▸ Directions: Only one stretch of the data should be retyped: the lines from the line containing "Juice It Up Coupon" through the line containing "DIY เทียนสวดมนต์5ถึง7วันสีขาว Sanctuary". Keep pictures out of it.

*** Opening of Material provided ***

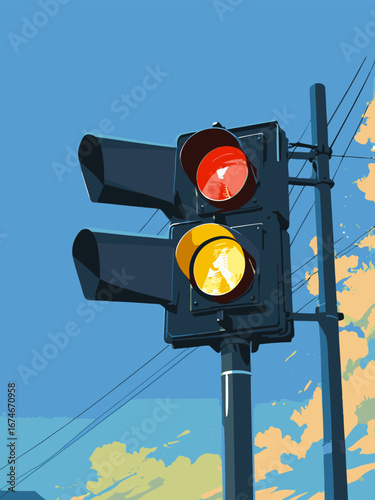 vector traffic light anime style
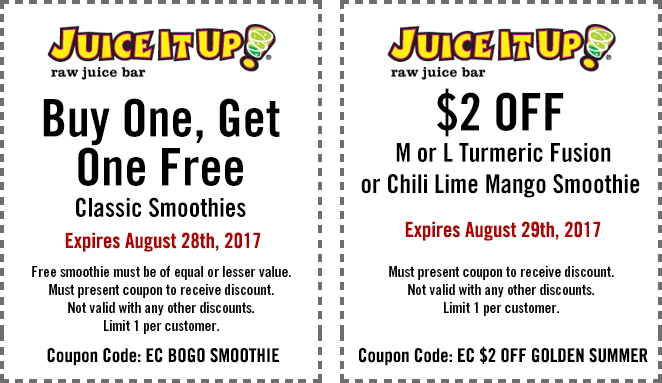 Juice It Up Coupon April 2024 Second smoothie free at Juice It Up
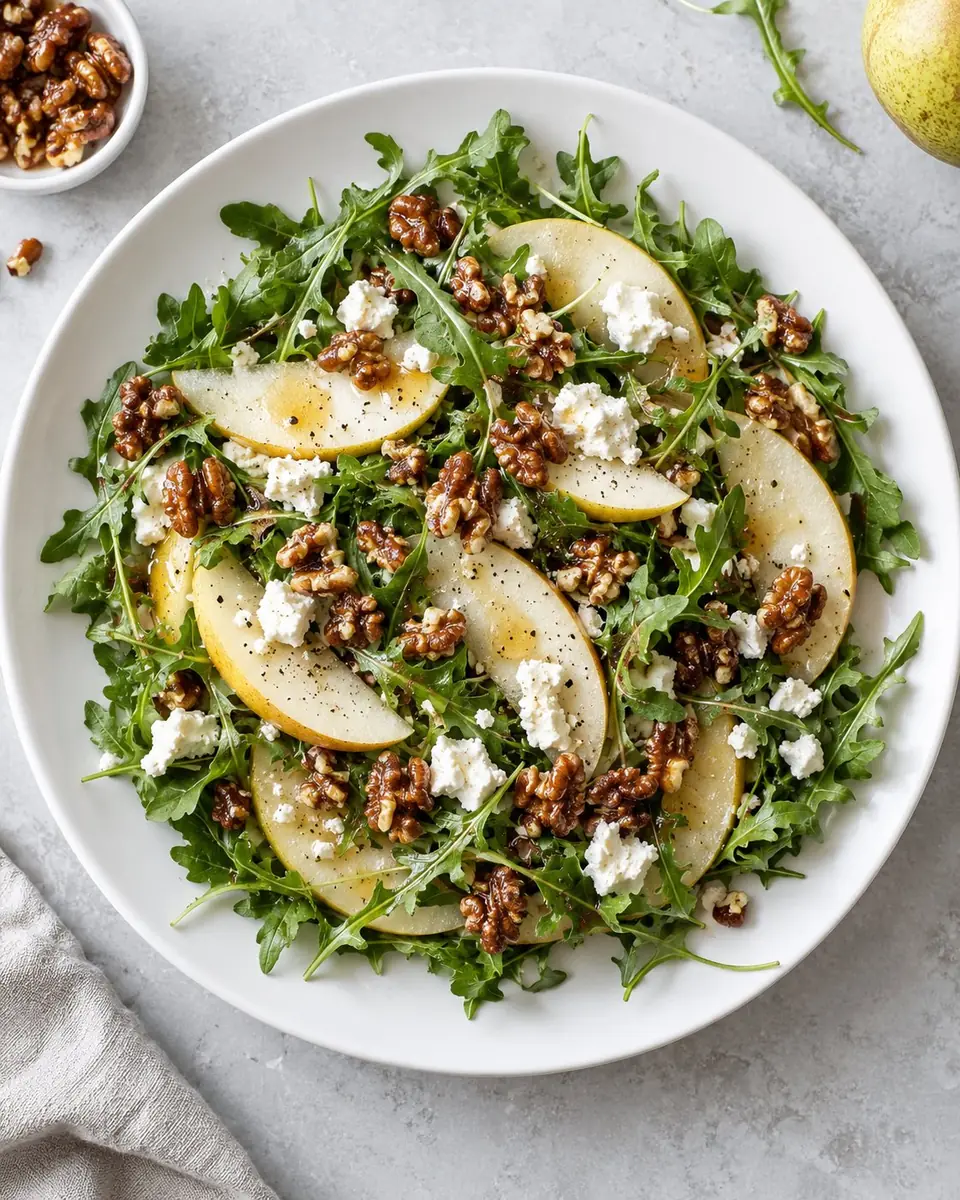 Ensalada de rúcula, peras, nueces caramelizadas y queso de cabra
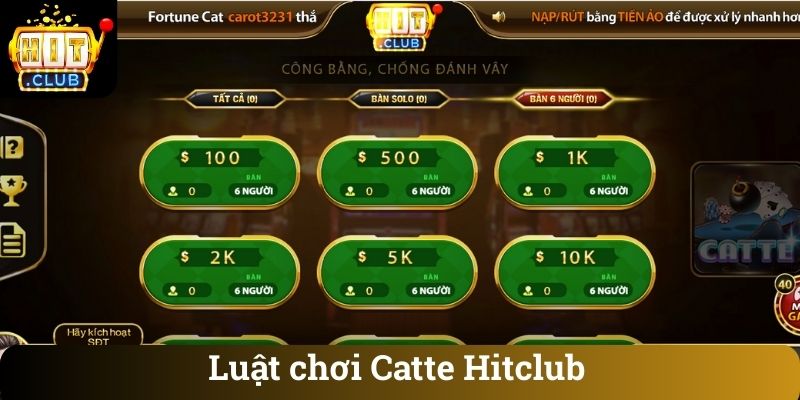 Luật chơi Catte Hitclub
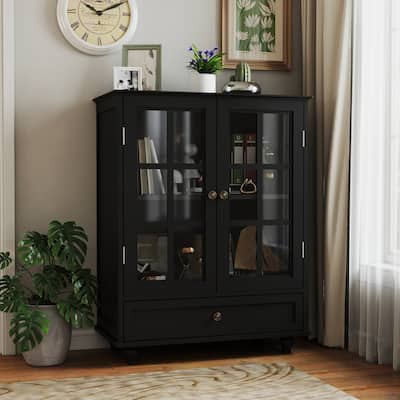 Buffet Cabinet with Double Glass Doors and Drawer, Modern Wooden Storage Sideboard Cupboard for Living room, Dining Room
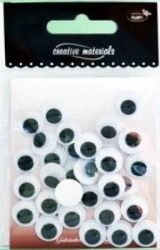 Oczy samoprzylepne okrągłe 12mm 30szt - Galeria Hobby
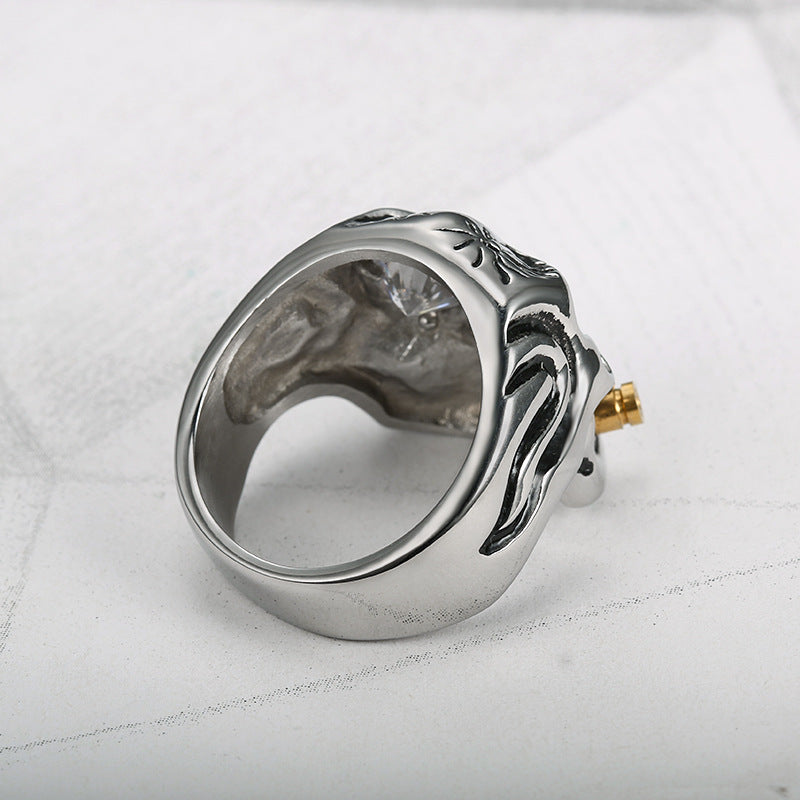 Retro Punk Bold Skull Ring with Diamond Eye, Distressed Gothic Biker Men's Statement Jewelry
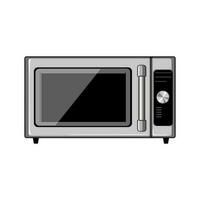 Koken magnetronoven keuken tekenfilm vector illustratie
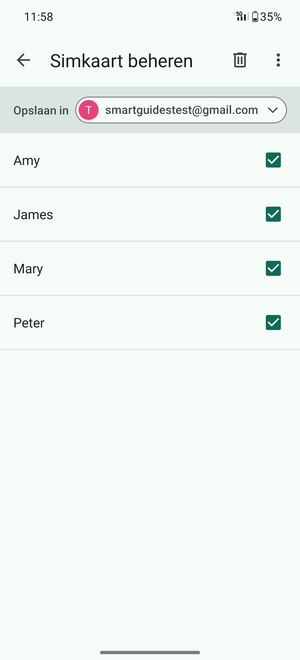 Selecteer de Menu-knop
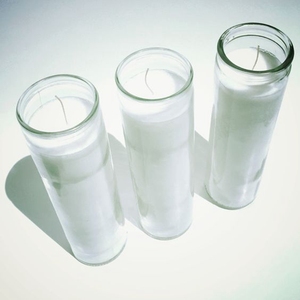 DIY เทียนสวดมนต์5ถึง7วันสีขาว Sanctuary เทียน3แพ็ค,แก้วใส,ขี้ผึ้งพาราฟิน - Product Image 1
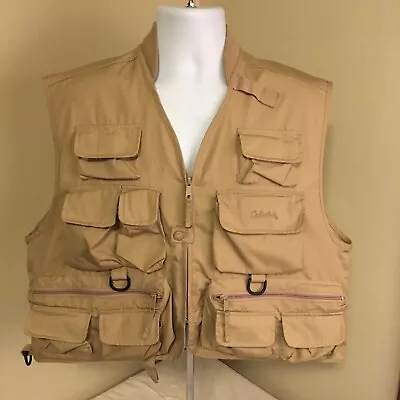 Cabelas Outdoor Gear Vest Large Khaki Pockets Hunting Fly Fishing Photography FS • $34.99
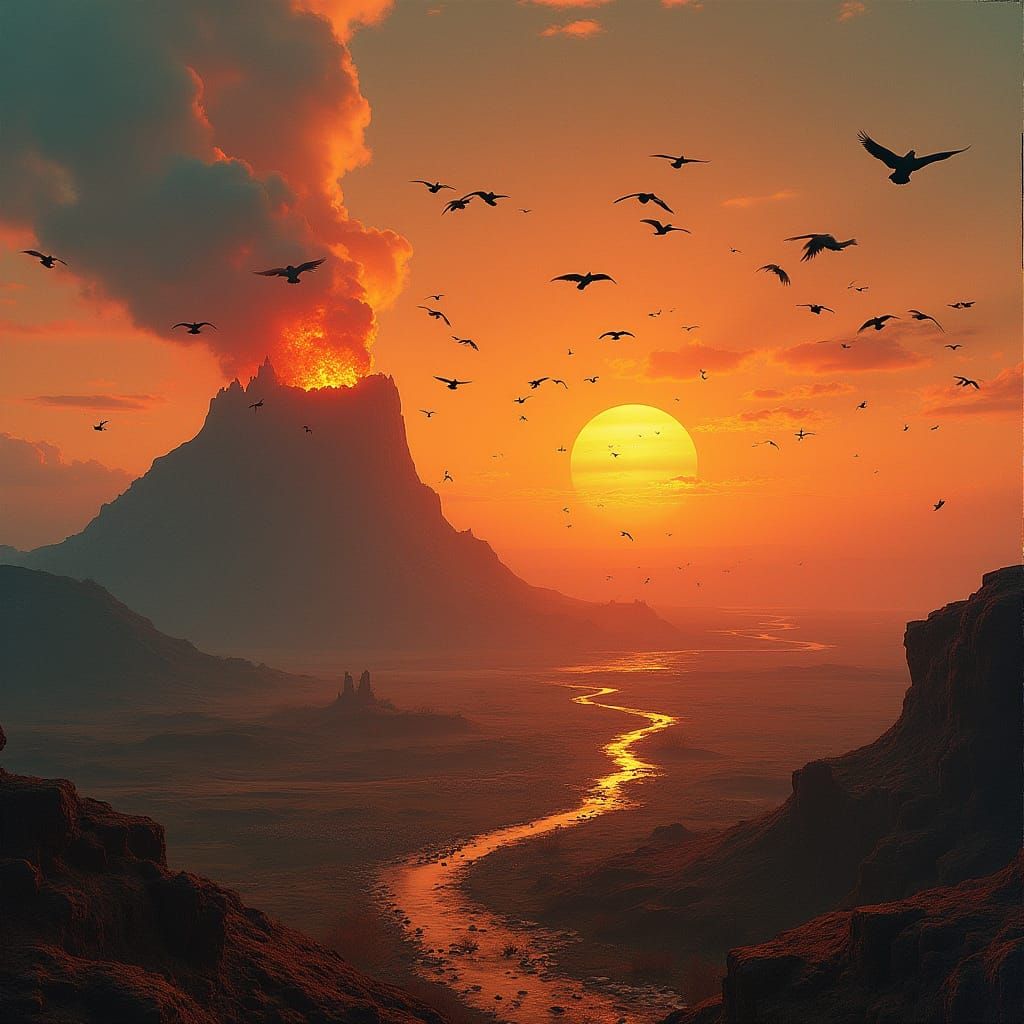 Erupting Fire-Mountain Sunrise with Birds in Dystopian Style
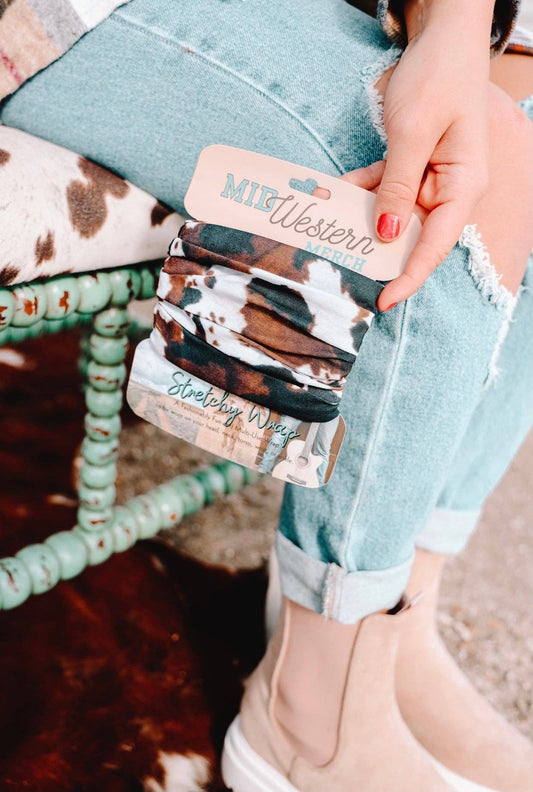 Brown Cowprint Stretchy Head Wrap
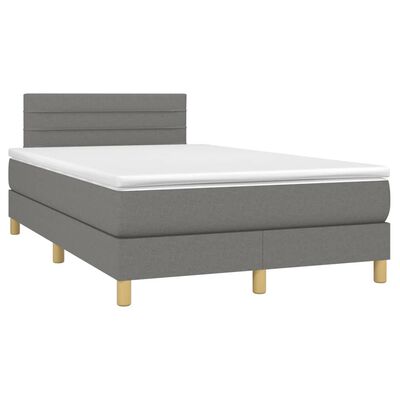 vidaXL Cama box spring con colchón tela gris oscuro 120x200 cm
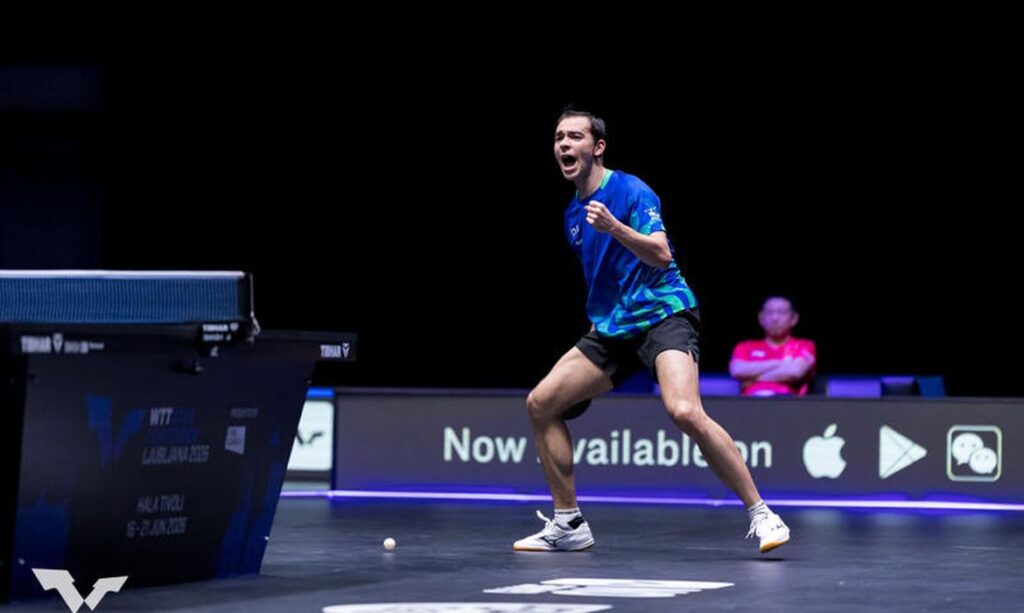 Hugo Calderano disputa final acirrada e fica com o vice-campeonato no WTT da Eslovênia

*** Close of Material provided ***

▸ Solution below:
 Juice It Up Coupon April 2024 Second smoothie free at Juice It Up
 Ensalada de rúcula, peras, nueces caramelizadas y queso de cabra
 Luật chơi Catte Hitclub
 Buffet Cabinet with Double Glass Doors and Drawer, Modern Wooden Storage Sideboard Cupboard for Living room, Dining Room
 Oczy samoprzylepne okrągłe 12mm 30szt - Galeria Hobby
 Retro Punk Bold Skull Ring with Diamond Eye, Distressed Gothic Biker Men's Statement Jewelry
 Koken magnetronoven keuken tekenfilm vector illustratie
 Selecteer de Menu-knop
 DIY เทียนสวดมนต์5ถึง7วันสีขาว Sanctuary เทียน3แพ็ค,แก้วใส,ขี้ผึ้งพาราฟิน - Product Image 1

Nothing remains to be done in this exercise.